# Keaton Beach/Steinhatchee?



## cableguychris (Jun 1, 2015)

anybody been down to the flats around keaton lately? i hear the fishing has been tough this spring. i was wondering if it has picked up any. Really got the itch to go,just dont want to waste my time


----------



## Coreypnich (Jun 1, 2015)

I fished out of Keaton Saturday and managed a few short trout and missed a nice red. On Sunday, we fished out of steinhatchee and limited out on trout but didn't do anything with the reds. Its been tough this spring but maybe its turning around!


----------



## glumpkin (Jun 4, 2015)

Just got back from Keaton last night, and fishing around Keaton was not very good. Made the trip down to Steinhatchee (little bank/9 mile sand bar area) and caught large number of trout, but only a few keepers. Most were between 13 and 15 inch.


----------



## bhdawgs (Jun 4, 2015)

My Dad just got back yesterday from Steinhatchee fished Tuesday and Wednesday morning... caught three keeper trout and a multitude of shorts.    

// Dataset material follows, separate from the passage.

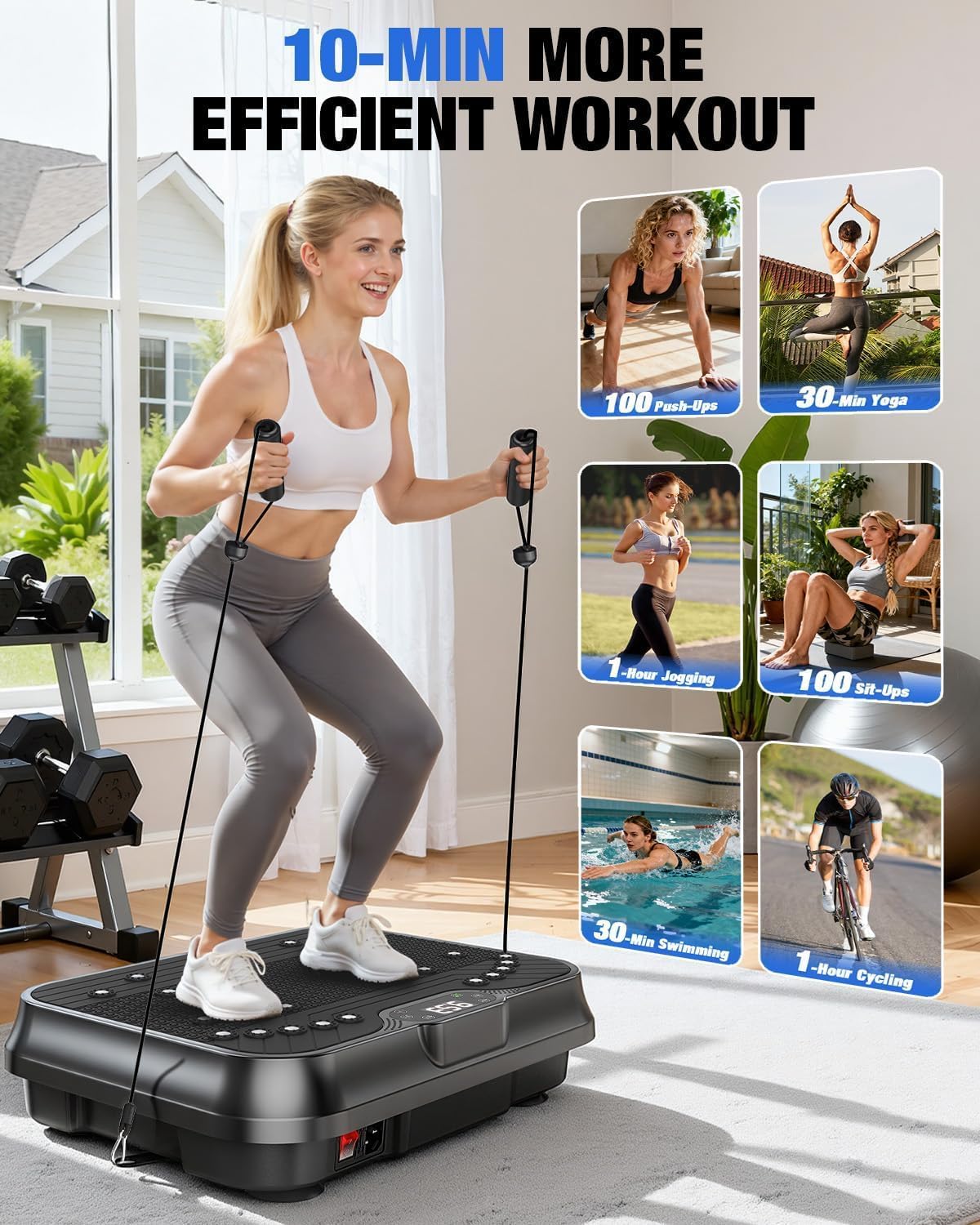 Bigzzia Vibration Plate Exercise Machine for Lymphatic Drainage Weight Loss | 2 Resistance Bands,450 lbs Capacity,250 Intensity Levels,9 Programs,100-Speed Platform,Remote,Non-Slip Surface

Fishing has been super tough this spring down there.


----------



## pottydoc (Jun 6, 2015)

My brother and his wife were there yesterday. Same thing as BDawgs folks. Very slow, just a few short trout, ladyfish, etc. for the first trip this spring/summer, he didn't get any reds, which have been the only thing saving trips for us so far. It hasn't been this tough in a long time. I don't feel sorry for him though, he's leaving for Venice La Monday morning for a week. I "suspect" they will,have a little better luck there.


----------



## cableguychris (Jun 8, 2015)

Thanks for the reports. Sounds like fishing from the Hatch and further south is better than Keaton, or at least is the lesser of the two evils. Not what I was hoping to hear


----------



## WinMag.300 (Jun 9, 2015)

*Fished there over the weekend*

between three of us we were two trout short of a full limit.  Probably had 20+ shorts, and 13 keepers with three fish at 20'', 21'', and 22''.


----------



## cableguychris (Jun 9, 2015)

@ WinMag.... what area were u fishing


----------



## WinMag.300 (Jun 9, 2015)

*...*

Just south of Dallas Creek.


----------



## cableguychris (Jun 9, 2015)

Thanks for the info.


----------



## cableguychris (Jun 9, 2015)

@ WinMag... did you catch them on the rise or fall of the tide?


----------



## Coreypnich (Jun 9, 2015)

Fished out of steinhatchee this past Saturday with my dad. We caught at least 40 short trout and only one keeper. Easily the most shorts I have caught in a trip without also catching a limit of keepers. On a side note, anybody got any advice for the reds? I have come up empty on them the past 2 trips.


----------



## pottydoc (Jun 9, 2015)

The trout have been slow all year for us, but we've been crushing the reds. Work the creek mouths and the bays outside them south of the river. We use gulps and twitch baits, usually mirrodines or mirro minnows


----------



## Coreypnich (Jun 9, 2015)

Thanks for the advice! ill give it a try


----------